Attorney Edward Bielski, president of Bielski Law LLC and former partner of Stewart & Irwin PC filed the lawsuit against the city at the end of last year alleging the city knowingly enforced an illegal traffic ordinance and wrongly collected money from citations “to maximize city revenue.”

The lawsuit named 18 plaintiffs, of which only two were Carmel residents. All had been cited under Carmel’s local traffic ordinance, which was deemed invalid by the Indiana Court of Appeals in a separate lawsuit last year.

The plaintiffs claimed the illegal citations resulted in higher auto insurance rates and points on their driver's licenses.

The complaint also said the motorists were given false information regarding their traffic infractions, so they couldn’t properly defend themselves. It also alleged city police had a policy of wrongly ticketing drivers on Interstate 465 and wrongly ticketing drivers for non-moving violations.

Carmel had requested the court dismiss the lawsuit and argued that the “harm” the plaintiffs described would have occurred regardless of how they were cited because all of them admitted to the traffic violations.

In the decision issued Thursday, U.S. District Court Judge Jane Magnus-Stinson agreed that the complaint did not tie the alleged harm to the Carmel defendants, which included Mayor Jim Brainard, Carmel City Council members from 2014 and 2015, Carmel City Court, Carmel City Judge Brian Poindexter, Carmel attorney Doug Haney and Indiana Bureau of Motor Vehicles superintendent Kent Abernathy.

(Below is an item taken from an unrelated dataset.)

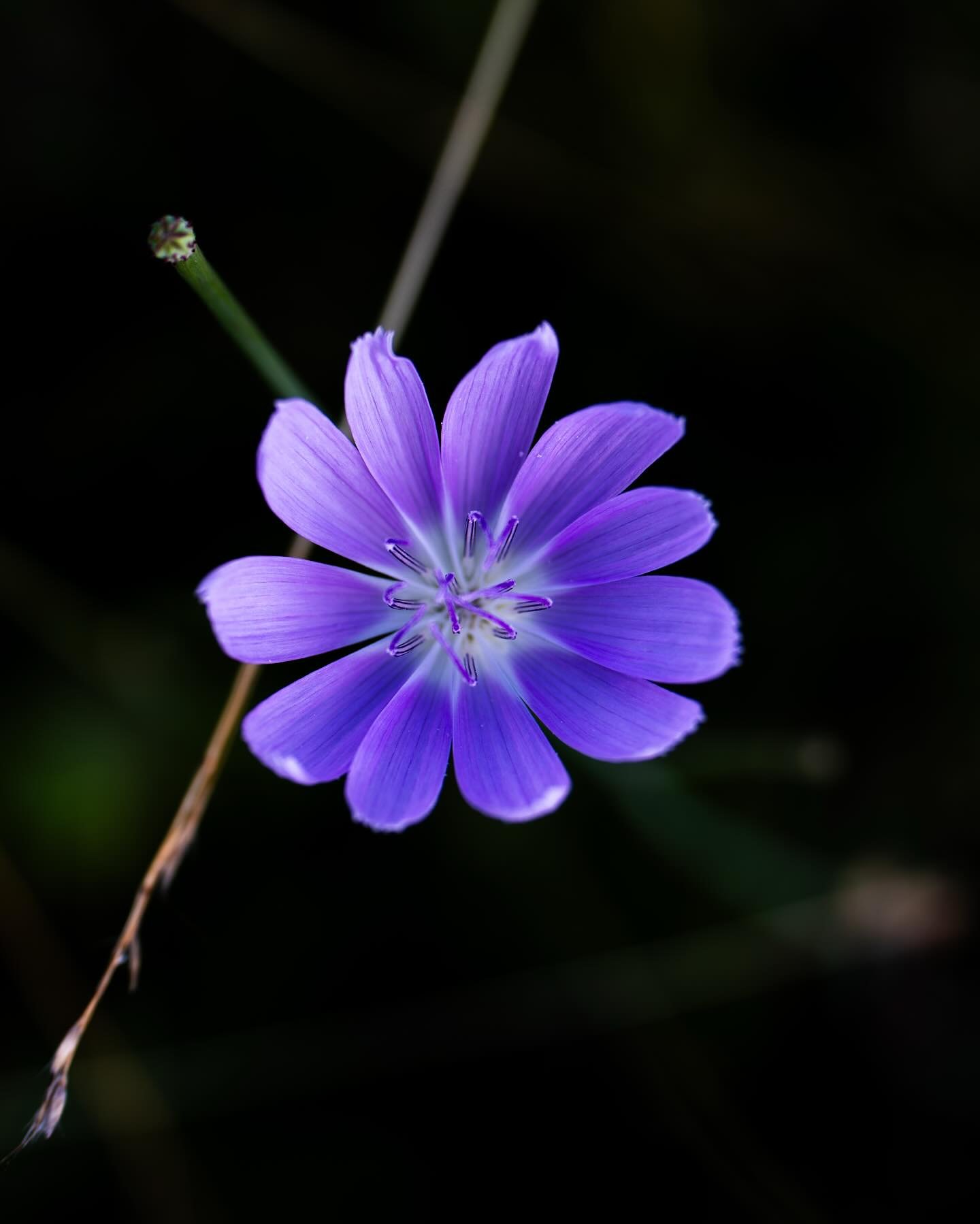 Purple Flower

"We are pleased with this decision that confirms our view that this case was frivolous and needed to be dismissed to preserve justice and the procedures used by many cities and towns across Indiana," Brainard said in a statement sent to IBJ.

Since initially filing the lawsuit in December, Bielski amended the complaint several times and repeatedly stated that “discovery will show” the claims to be true.

Magnus-Stinson ruled that the claims were “too speculative.”

“… These allegations all turn wholly on what plaintiffs think they will learn through discovery, and not on what plaintiffs already know to be true,” Magnus-Stinson wrote.

The issue stems from the city’s previous traffic ordinance that was found to violate the state’s Home Rule act because it duplicated state law. The Indiana Court of Appeals decided that case Dec. 11, and the city later repealed the ordinance in question.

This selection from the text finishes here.